She removed another sheet of paper from her briefcase and placed it before him. There was a single long paragraph at the center of the page. Typed neatly in the middle of an ornate script was his name. It reminded him of a university scroll, not least because it appeared to be written in Latin.

‘What’s this?’ he asked.

‘The catch,’ she replied. ‘In your hand you hold the formal contract, the minor one. This is your private contract, your agreement with us.’

‘Why is it written in Latin?’

‘The Backers are very old-fashioned, and Latin is the language of jurisprudence.’

‘I don’t read Latin.’

‘Allow me to summarize, then.’ Tate noticed that she didn’t even have to look at the page. She knew its contents by heart. She rattled off what sounded to him like the pledge of allegiance, except it was loyalty promised not to a country, but to a private body.

‘Excercitus Noctis?’

‘The Army of Night. Catchy, don’t you think?’

Tate didn’t think it was catchy at all. It sounded like one of those ‘Reclaim the Streets’ movements. More dykes, he thought.

‘And that’s it? That’s all I have to sign?’

‘Nothing else. It will never be publicized, and you will never see the name of our organization written anywhere but here. In fact, the Army of Night doesn’t exist. Call it a private joke. Basically, some suitable nomenclature was required, and that one appealed to the Backers. This particular contract is really just to reassure them. We wouldn’t want you to take our money and head to Belize.’

Tate didn’t even know where Belize was, but he wasn’t about to head there even if he did know. He was ambitious, and he’d never get a better opportunity than this one to advance himself in his chosen field.

‘Uh, who are these Backers?’

‘Wealthy, concerned individuals. They’re worried about the direction in which this country is heading. In fact, they’re worried about the direction in which the whole world is heading. They want to alter its course before it’s too late.’

‘When do I get to meet them?’

‘The Backers like to keep their distance. They prefer to operate discreetly through others.’

‘Like you.’

‘Exactly.’

He looked again at the documents before him. One was written in a language that he didn’t understand, and the rest were written in a language that he should have understood but didn’t.

‘Maybe I ought to run these by my attorney,’ said Tate.

‘I’m afraid that won’t be possible. This is a one-time offer. If I leave here with these papers unsigned, the offer will be rescinded.’

‘I don’t know . . .’

‘Perhaps this will be enough to convince you of our bona fides,’ said Kelly.

She passed him a plain white envelope. When he opened it, he found that it contained access details for three bank accounts, including the 501(c) organization that Kelly had implied was merely being considered. It was called the American League for Equality and Freedom.
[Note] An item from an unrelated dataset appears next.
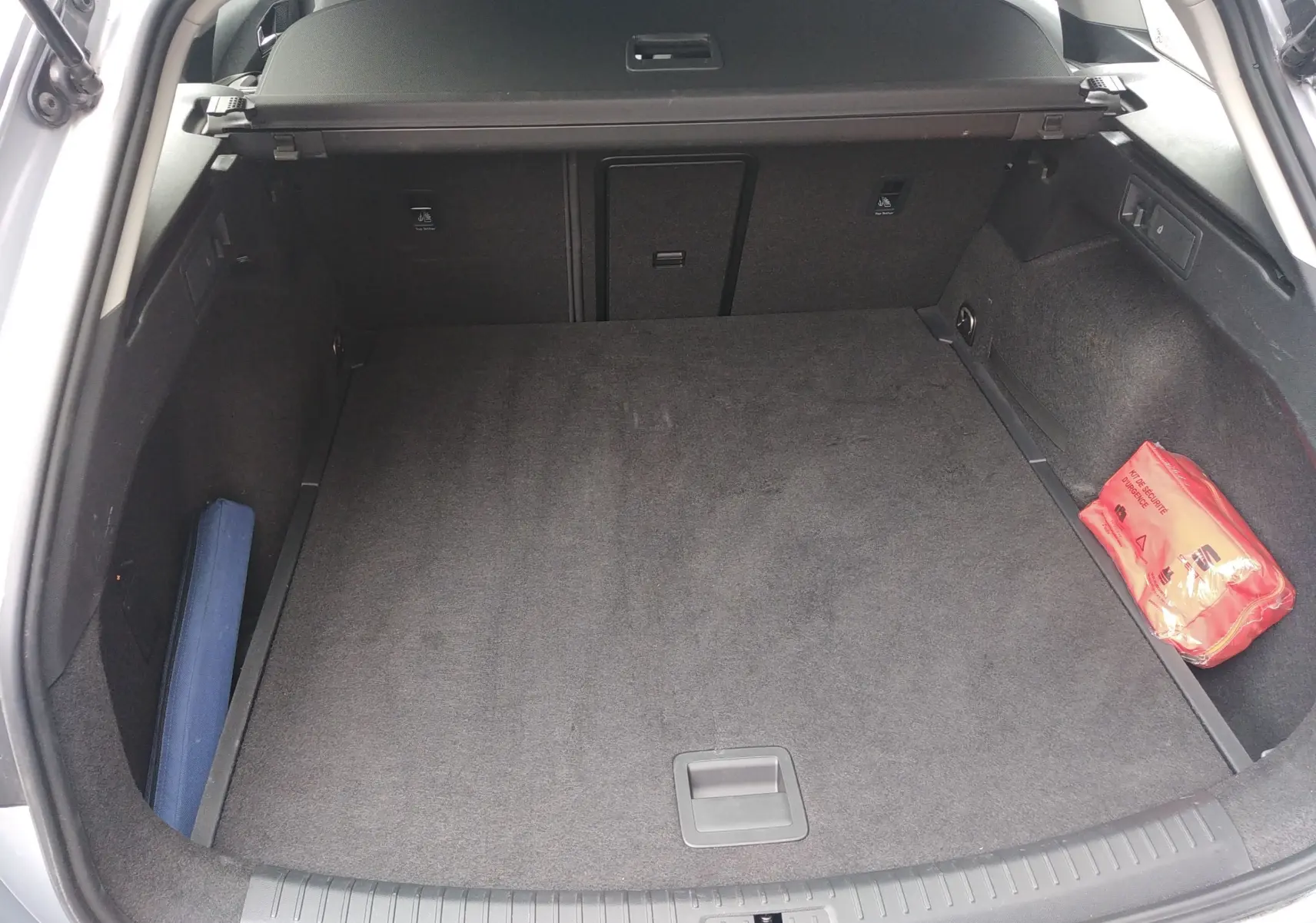 Coffre ouvert d'une SEAT LEON ST gris, vue de l'arrière montrant un espace de chargement propre avec trousse de secours rouge.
Together, the accounts contained more money than he had earned in the last ten years.

Tate signed the papers.

‘All this money is mine?’ he asked. He couldn’t quite believe it.

‘Look upon it as your war chest,’ said Kelly.

‘With whom are we going to war?’ he asked.

‘Again with the “whom”,’ said Kelly, admiringly. ‘I just love the way you talk.’

‘The question remains,’ insisted Tate. ‘Who are we fighting?’

‘Everyone,’ said Kelly. ‘Everyone who is not like us.’

One week later, he was being introduced to Becky Phipps. One year later, he was a rising star. Now that star appeared to be on the wane, and Becky was alluding darkly to the Backers. The Backers, Tate knew, tended to act when they were displeased. He’d learned that early on. Kelly hadn’t just been speculating when she spoke about the union organizer with a taste for skirt: his name was George Keys. He liked to tell people that he was named after George Orwell. Nobody knew if that was true or not, but Keys certainly came from socialist stock. His father had been a union organizer all his life, and his mother continued to be heavily involved with Planned Parenthood. His grandfather, meanwhile, had set up a Catholic Worker camp in California and was personally close to the CW founder, Dorothy Day, who ticked every box on Tate’s hate list: Catholic, anarchist, socialist radical, even anti-Franco, which, as far as Tate was concerned, meant that she wasn’t even consistent in her own wrongheadedness because the Catholics were supposed to be for the fascists in the Spanish Civil War, right? If the son was one-tenth of the man his grandfather was, then he deserved to be wiped from the earth, even without screwing Mexican factory workers on the side.

It hadn’t been difficult to bribe a whore who worked part-time as a waitress – or was she a waitress who worked part-time as a whore? Tate could never quite tell – to come on to Keys with a sad story about her family back in Mexico, and her cousins working in indentured servitude on Texas chicken farms. Keys bought her some drinks, and the whore bought some back, and one thing led to another until Keys and the whore ended up back at Keys’ place.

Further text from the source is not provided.